News & Politics

Does City of Minneapolis Bear Responsibility for BLM Protest Shooting?

Black Lives Matter protesters and supporters march from the Minneapolis Police Department's Fourth Precinct to the Federal Building in Minneapolis, Tuesday, Nov. 24, 2015. (AP Photo/Jim Mone)

A week-long protest at the 4th Precinct of the Minneapolis Police Department culminated in violence late Monday evening as shots rang out. A confrontation between protesters and alleged “white supremacists” ended in shots fired by the latter, injuring five protesters.
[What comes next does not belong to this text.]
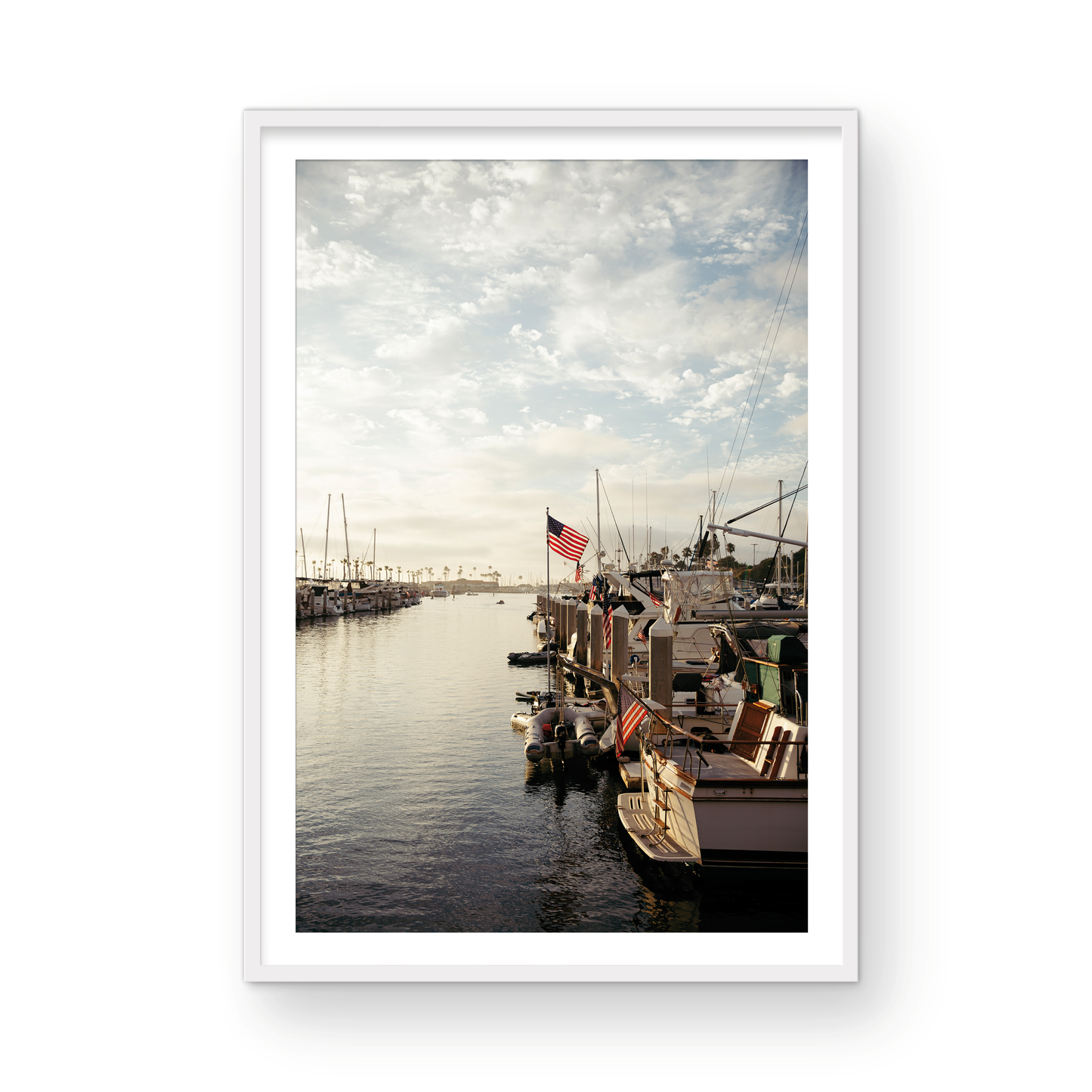 Oceanside, Nine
Circumstances suggest that the city bears some responsible for allowing the situation to escalate.

Black Lives Matter has been sustaining an “occupation” of the 4th Precinct since the shooting death on November 15th of Jamar Clark. Police responded early that Sunday morning to support paramedics who were tussling with Clark at the scene of a domestic abuse complaint. Beyond that, details remain murky, subject to investigations by the police, the state Bureau of Criminal Apprehension, and a federal investigation supported by city officials and the governor.

The investigation will likely remain ongoing for several weeks. In the meantime, Black Lives Matter protesters demand “#Justice4Jamar” and the release of video footage held as part of the investigation. These demands are underscored by the “occupation” of the 4th Precinct, which entails an encampment surrounding the police station complete with tents and fires in the street.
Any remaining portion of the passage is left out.